In “Heathers”, Winona Ryder’s character finally gives up all respect for her classmates when she goes on a date which ends with drunken football players indulging in cow tipping and she ends up covered in manure. Her look of contempt says it all.
It’s a great movie moment, but unfortunately it’s also almost certainly based on a myth.
Is Cow Tipping Real?
Modern Farmer Magazine even ran a whole feature debunking the legend of cow tipping. They point out several reasons why this activity almost certainly never happens (or if it does it’s incredibly rare). One is that farmers deny ever having seen it happen. Another is that cows are incredibly heavy and strong creatures, and tipping one over would require Herculean strength, or a team of five. And another is that cows don’t actually sleep while standing.
That should be a slam dunk of rational argument, but Modern Farmer save their biggest proof for last.
In previous years, the urban legend of cow tipping could survive because it was difficult to prove or disprove. In this modern era, however, we have YouTube, which Modern Farmer describe as “the largest clearinghouse of human stupidity the world has ever known”. And despite millions of absurd animal prank videos, not one of them has ever featured cow tipping.

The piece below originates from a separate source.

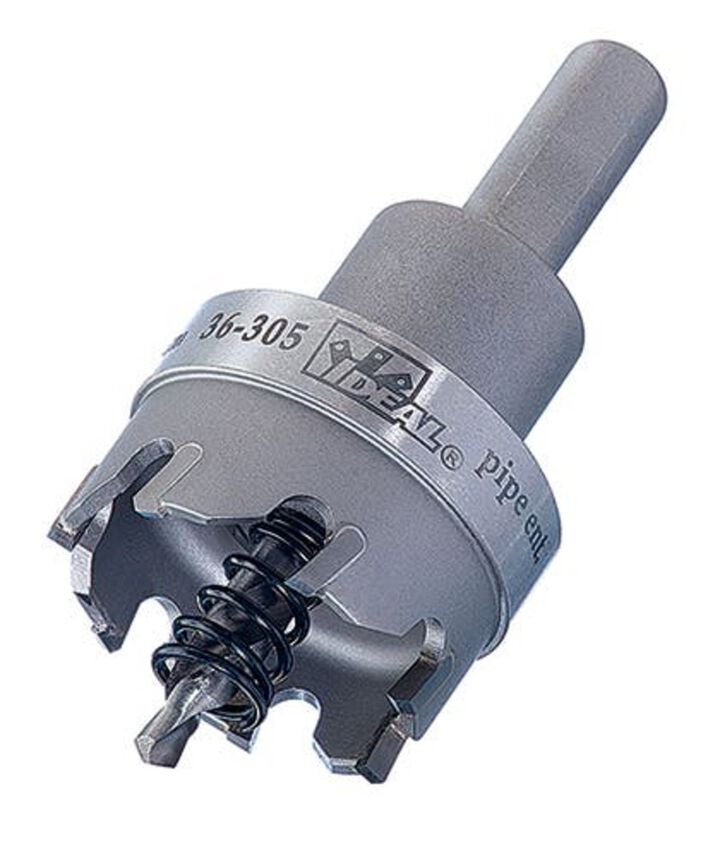Ideal Industries TKO 1-3/8 Inch Carbide-Tipped Hole Cutter for Sheet Metal and Steel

Jake Steelhammer, a jouranlist, believes the myth of cow tipping originated in the 70s. It “stampeded into the ’80s”, he says, “when movies like Tommy Boy and Heathers featured cow tipping expeditions.”Stories about cow tipping tend to be second-hand, he says, told by someone who does not claim to have tipped a cow but who knows someone else who says he or she did.
As 66 year old diary farmer Nate Wilson says, “There’s more cows that have been tipped in people’s imaginations than in the real world.”
Yet the myth persists, as does the myth that cows sleep while standing. This last one is bizarre, since it only takes an occasional drive through most countryside to see plenty of cows lying down. In fact, they lie down more than they stand or move, for up to 14 hours a day, usually leaning forward on their chest and forelimbs or lying completely on their sides. Lying helps a cow digest its food.